Naar inhoud springen

Confessiones

Uit Wikipedia, de vrije encyclopedie
Bladzijde van een handschrift van de Confessiones

De Confessiones (nl: Belijdenissen) van Augustinus van Hippo (354-430) is een autobiografisch boek met dertien hoofdstukken, geschreven tussen 397 en 398 na Christus. Tegenwoordig wordt het boek meestal uitgegeven onder de titel Belijdenissen van St. Augustinus, ter onderscheid van andere werken met vergelijkbare titels, zoals bijvoorbeeld de Bekentenissen van Jean-Jacques Rousseau, die zich voor de titel liet inspireren door Augustinus.
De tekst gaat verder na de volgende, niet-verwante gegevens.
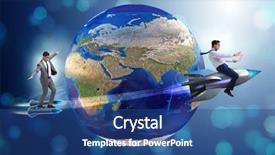  Presentation with globe - Amazing slide deck having 2 globes - two businessmen chasing around globe backdrop and a ocean colored foreground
De Confessiones gaan over de zondige jeugd van Augustinus en zijn bekering tot het christendom. De opzet is protreptisch, dat wil zeggen dat de lezer zich met de wederwaardigheden van Augustinus dient te identificeren, een voorbeeld neemt aan Augustinus' ontwikkeling en aldus zelf ook de weg tot het ware geloof kan vinden.[1] De eerste negen hoofdstukken vormen een min of meer aaneengesloten autobiografie; de laatste hoofdstukken lijken daarvan meer los te staan. Het werk wordt algemeen beschouwd als de eerste westerse, christelijke autobiografie en stond model voor christelijke schrijvers gedurende het volgende millennium, waaronder de gehele middeleeuwen. De autobiografie is niet compleet; ze werd geschreven toen Augustinus een veertiger was en daarna leefde hij nog ruim dertig jaar. Wel biedt het boek een ononderbroken overzicht van het tot stand komen van zijn filosofische en theologische inzichten. De Confessiones is het meest omvattende werk over het leven van enig persoon uit de 4e of 5e eeuw. Augustinus schreef later onder andere nog De civitate Dei (de stad Gods). Beide boeken zijn theologische werken van grote betekenis.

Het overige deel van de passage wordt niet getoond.